But this is natural.
If you are feeling lost, adrift, depressed, confused — know that you are not alone. The earth is dark and quiet because this is a period for resting and dreaming. For allowing there to be a space where the new version of yourself can grow, just as a seed in the earth or a lamb inside of a ewe. If you sit quietly enough, you may hear the voice of the future guiding you through.
Just as we whisper to the baby in a mother’s belly, the future whispers to us from beyond. Letting us know it will be ok. That it is preparing itself for our arrival.
My hope for you this winter is that you are able to find long periods for dreaming and for rest. That in the midst of the confusion and chaos you find kindred spirits to help you through. I wish for you the courage to let go of what was in order to open to something new. And if you need a little help, you know I’m here for you too.
I’ll leave you with this quote by Alice Walker, “Some periods of our growth are so confusing that we don’t even recognize that growth is happening.
We may feel hostile or angry or weepy and hysterical, or we may feel depressed.
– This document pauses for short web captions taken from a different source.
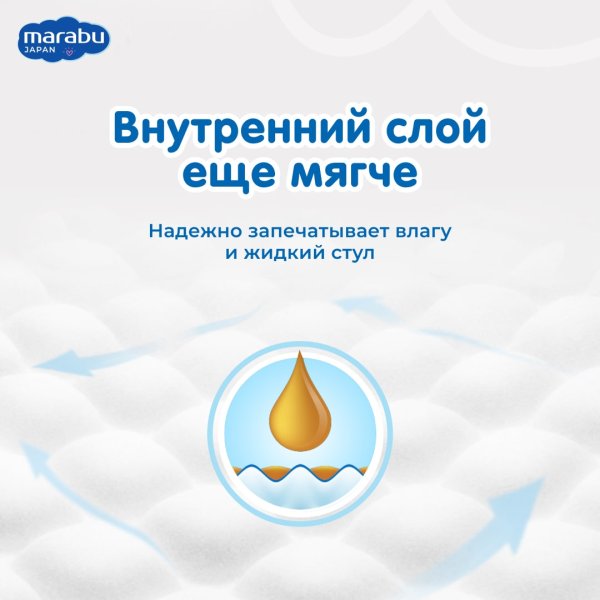 Marabu Подгузники детские, размер NB (2-5 кг), 18 штук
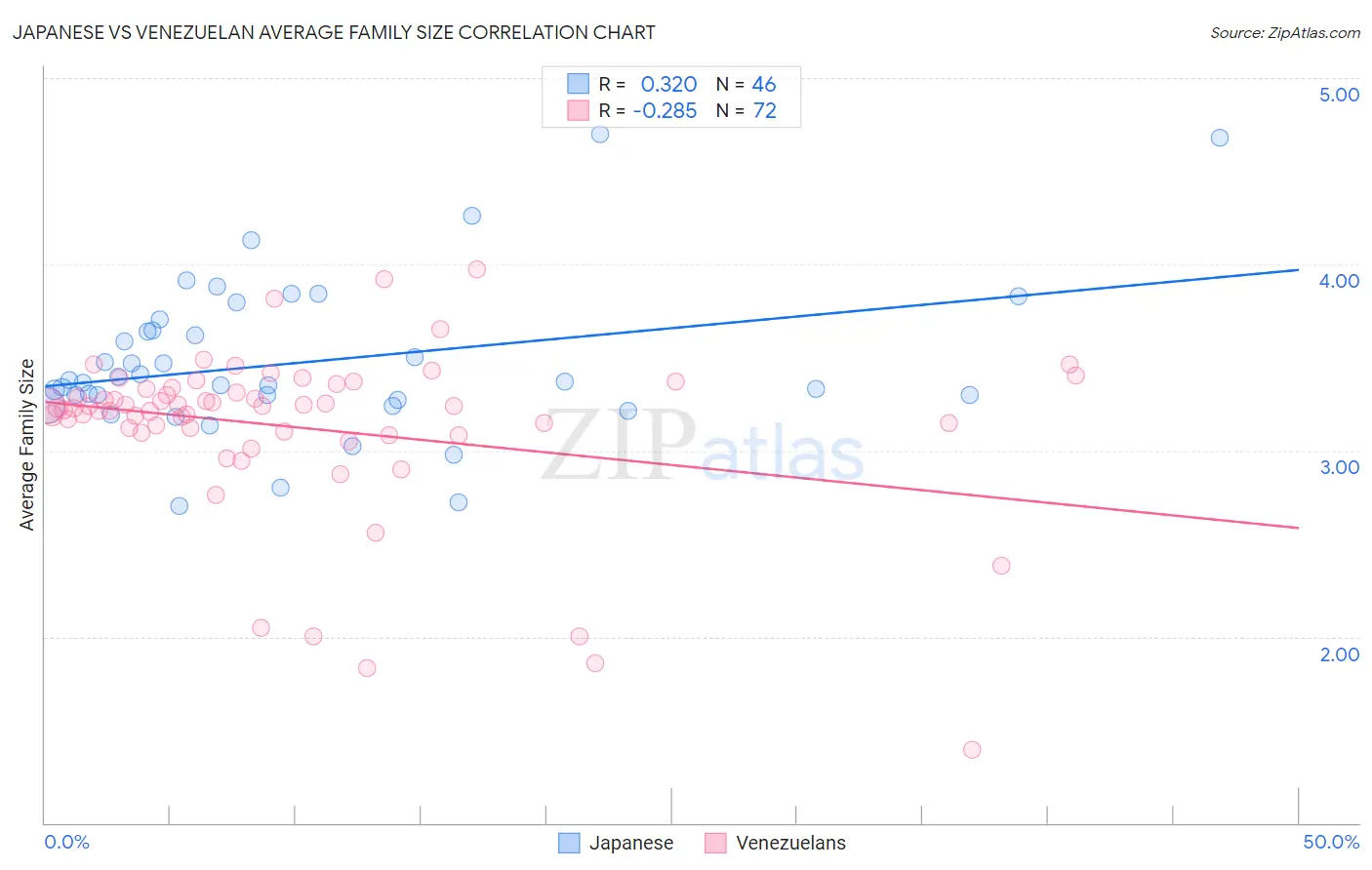 Japanese vs Venezuelan Average Family Size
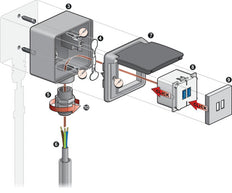 IP55 Scharnieradapterrahmen 45x45mm Für Datenmodule - 700-85000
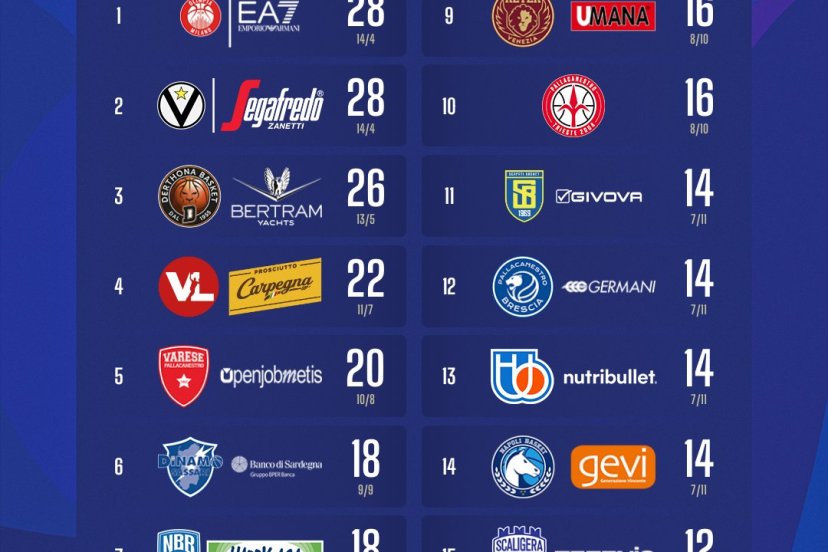 Serie A 18 giornata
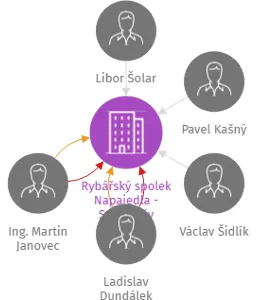 Rybářský spolek Napajedla - Spytihněv, IČO: 49158333: vizualizace vztahů osob a společností
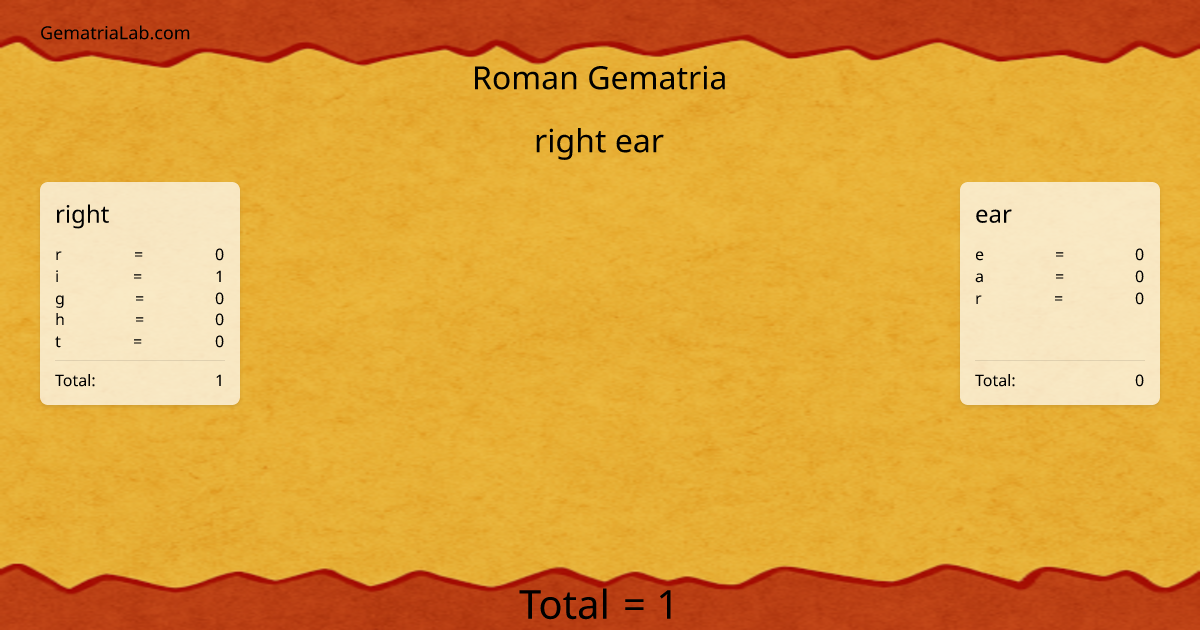 right ear in roman Gematria
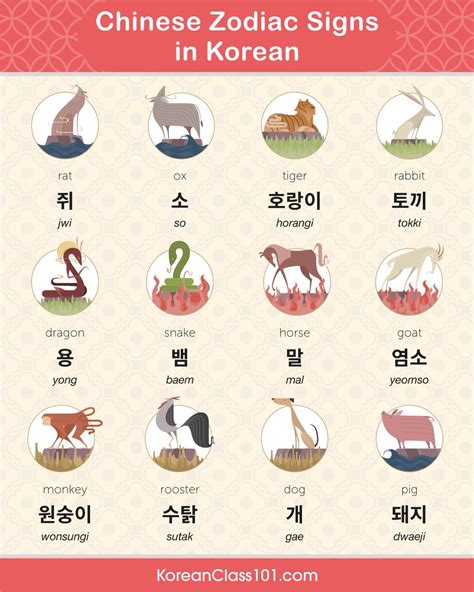 Learn Korean Koreanclass On Twitter Zodiac Signs In Korean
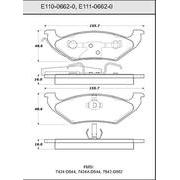 Pad Set
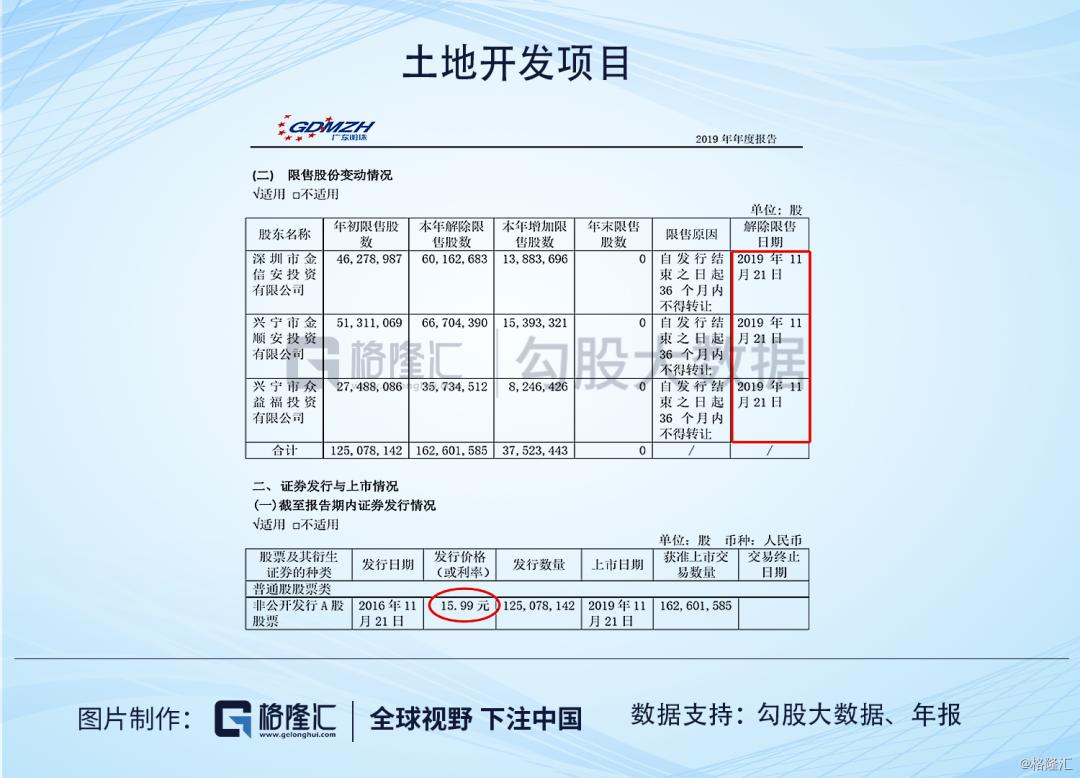 ​广东明珠|人均年薪1万，值得质疑的业务和一群神秘人的游戏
It would never occur to us, unless we stumbled on a book or a person who explained to us, that we were in fact in the process of change, of actually becoming larger, spiritually, than we were before.
Whenever we grow, we tend to feel it, as a young seed must feel the weight and inertia of the earth as it seeks to break out of its shell on its way to becoming a plant. Often the feeling is anything but pleasant. But what is most unpleasant is not knowing what is happening. Those long periods when something inside ourselves seems to be waiting, holding its breath, unsure about what the next step should be, eventually become the periods we wait for, for it is in those periods that we realize that we are being prepared for the next phase of our life and that, in all probability, a new level of the personality is about to be revealed.”